Les examens militaires sont très-différents des examens littéraires proprement dits. Les nobles de haute famille ne s’y présentent point, et si par hasard quelqu’un d’eux veut embrasser la carrière militaire, il trouve moyen d’obtenir un diplôme sans passer par la formalité du concours public. Les nobles pauvres et les gens du peuple sont les seuls prétendants. L’examen porte surtout sur le tir de l’arc et les autres exercices militaires ; on y joint une composition littéraire insignifiante. Il n’y a qu’un seul degré nommé keup-tchiei. Celui qui l’obtient peut, s’il est noble, et s’il a d’ailleurs du talent et des protections, prétendre à tous les grades de l’armée ; s’il n’est pas noble, il reste ordinairement avec son titre seul. Tout au plus lui donnera-t-on, après des années d’attente, une misérable place d’officier subalterne.

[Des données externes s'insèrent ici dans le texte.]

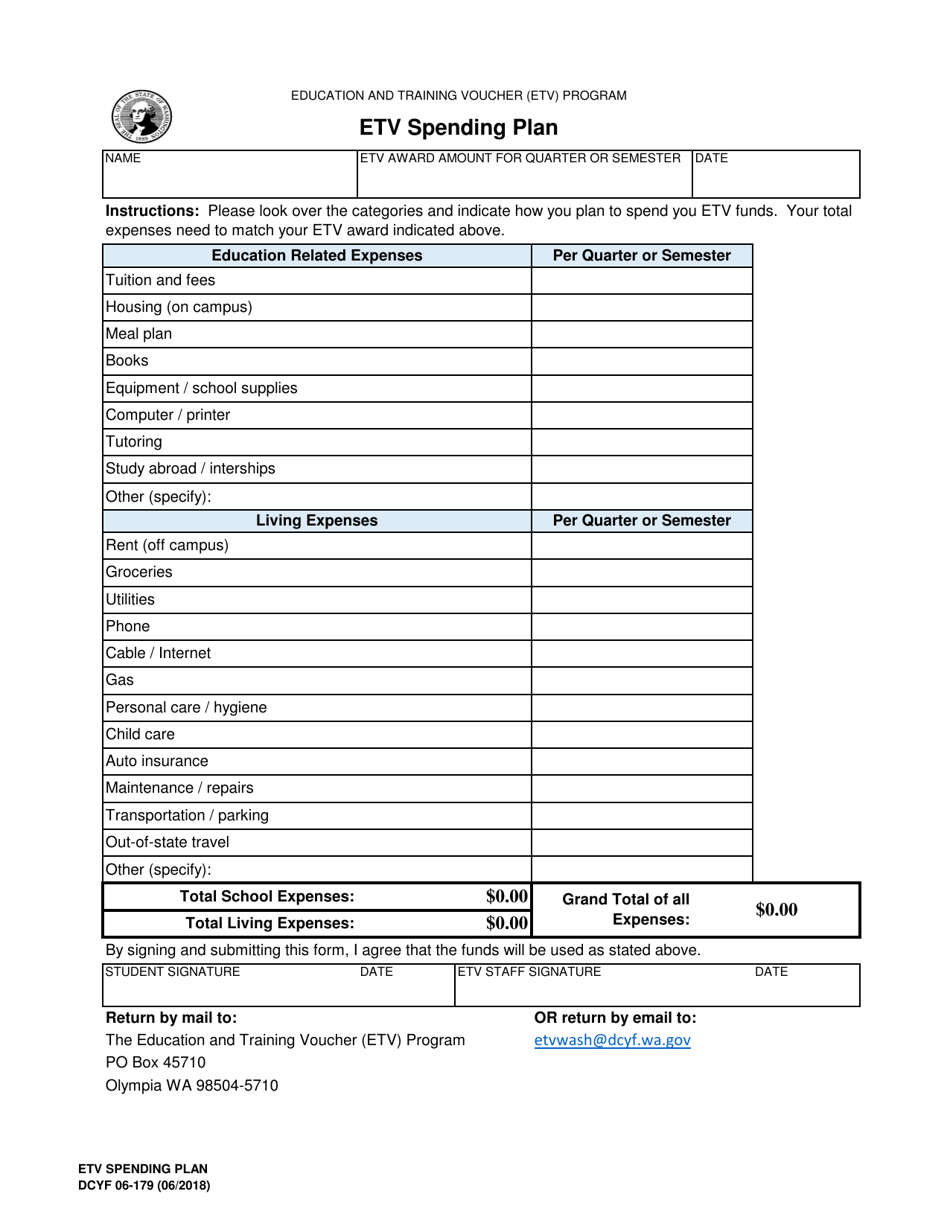 DCYF Form 06-179 Etv Spending Plan - Washington, Page 1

Au reste, quelle qu’ait pu être autrefois la valeur des examens et concours publics, il est certain que cette institution est aujourd’hui en pleine décadence. Les diplômes se donnent actuellement non pas aux plus savants et aux plus capables, mais aux plus riches, à ceux qui sont appuyés des plus puissantes protections. Le roi Ken-tsong commença de vendre publiquement les grades littéraires, aussi bien que les dignités et emplois, et, depuis lors, les ministres ont continué ce trafic à leur profit. Dans le principe, il y eut des protestations et des résistances ; aujourd’hui l’usage a prévalu et personne ne réclame. Au vu et au su de tous, les jeunes gens qui se présentent aux concours annuels, achètent à des lettrés mercenaires des compositions toutes faites, et il n’est pas rare qu’on connaisse la liste des futurs licenciés et docteurs même avant l’ouverture des examens. Les études sont abandonnées, la plupart des mandarins ne savent presque plus lire et écrire le chinois, qui cependant demeure la langue officielle, et les véritables lettrés tombent dans un découragement de plus en plus profond.

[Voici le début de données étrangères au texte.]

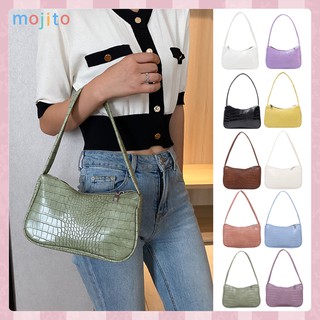 Túi xách da PU màu trơn họa tiết vân cá sấu phối khóa kéo phong cách retro sang trọng cho nữ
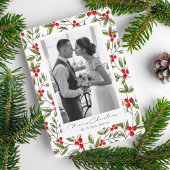 Kerstkaart met foto van verse hulst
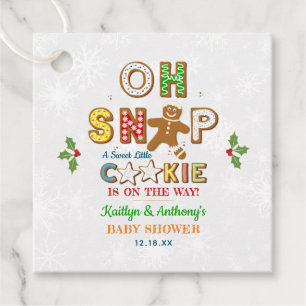 Oh Snap! Gingerbread Cookie Baby Shower Favor Tags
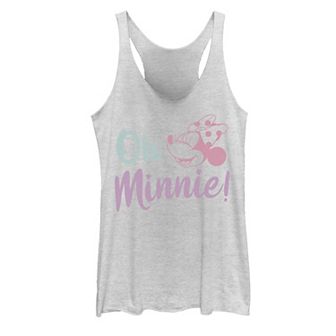 Disney's Mickey And Friends Juniors' Oh Minnie Simple Text Racerback Graphic Tank Top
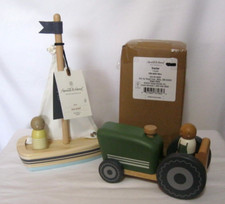 Hearth and Hand GREEN TRACTOR  SAILBOAT PEOPLE All Wooden GET BOTH ADORABLE NWT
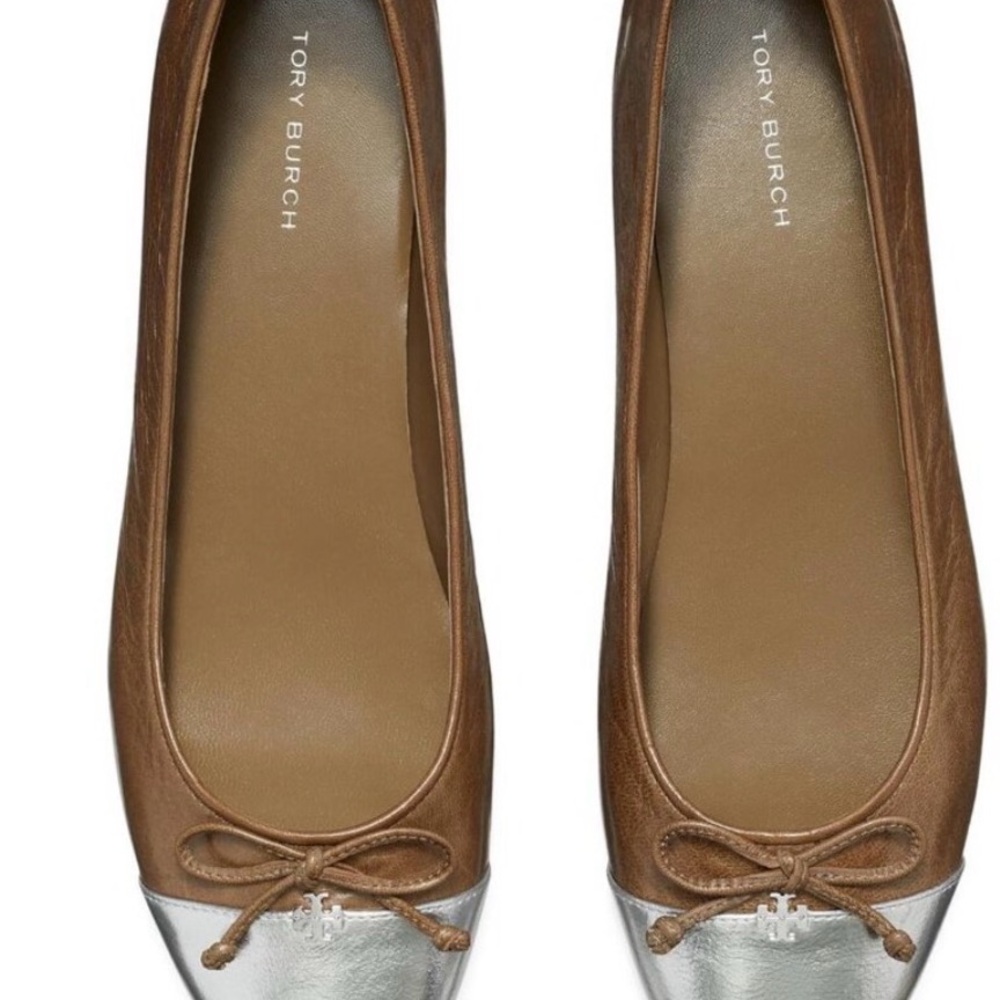 NIB Tory Burch Metallic Silver and Brown Cap toe Ballet Flats WSz 8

Quelques détails sur certaines écoles spéciales du gouvernement compléteront les notions précédentes.

Les études qui ont pour objet les sciences exactes, la linguistique, les beaux-arts, etc…, sont loin d’être en aussi grand honneur que les études littéraires et philosophiques. Peu de lettrés nobles s’y adonnent, et quand ils le font c’est pour eux affaire de pure curiosité. Elles sont l’apanage à peu près exclusif d’un certain nombre de familles qui forment en Corée une classe à part, laquelle étant au service du roi et des ministres, a des privilèges particuliers, et jouit d’une assez grande considération dans le pays. On la désigne fréquemment sous le nom de classe moyenne, vu sa position intermédiaire entre la noblesse et le peuple. Les individus de cette classe se marient ordinairement entre eux, et leurs emplois passent de génération en génération à leurs descendants. Comme les nobles, ils peuvent être dégradés et réhabilités. Ils sont exempts de la cote personnelle et du service militaire ; ils ont droit de porter le bonnet des nobles, et ceux-ci, dans leurs relations avec eux, les traitent sur un certain pied d’égalité. Ils sont tenus de se livrer à certaines études déterminées, et passent des examens spéciaux pour obtenir leurs différents grades comme interprètes, médecins, astronomes, etc., et une fois reçus dans telle ou telle partie, ils ne peuvent plus passer à une autre. Avant de leur conférer des grades, on fait, comme pour les nobles, l’examen de leur extraction et de leur parenté, et leur nomination se décide par le ministre compétent, assisté de deux autres dignitaires. Ils ont en outre, comme tous les autres Coréens, le droit de concourir aux examens publics soit civils, soit militaires, et, s’ils y réussissent, peuvent obtenir des places de mandarins jusqu’aux degrés de mok-sa et pou-sa inclusivement, mais pas plus haut. La plupart des piel-tsang (petits mandarins militaires ou sous-lieutenants), tsiem-sa (sous-préfets maritimes), et pi-tsiang (secrétaires des gouverneurs et d’autres grands mandarins) appartiennent à la classe moyenne.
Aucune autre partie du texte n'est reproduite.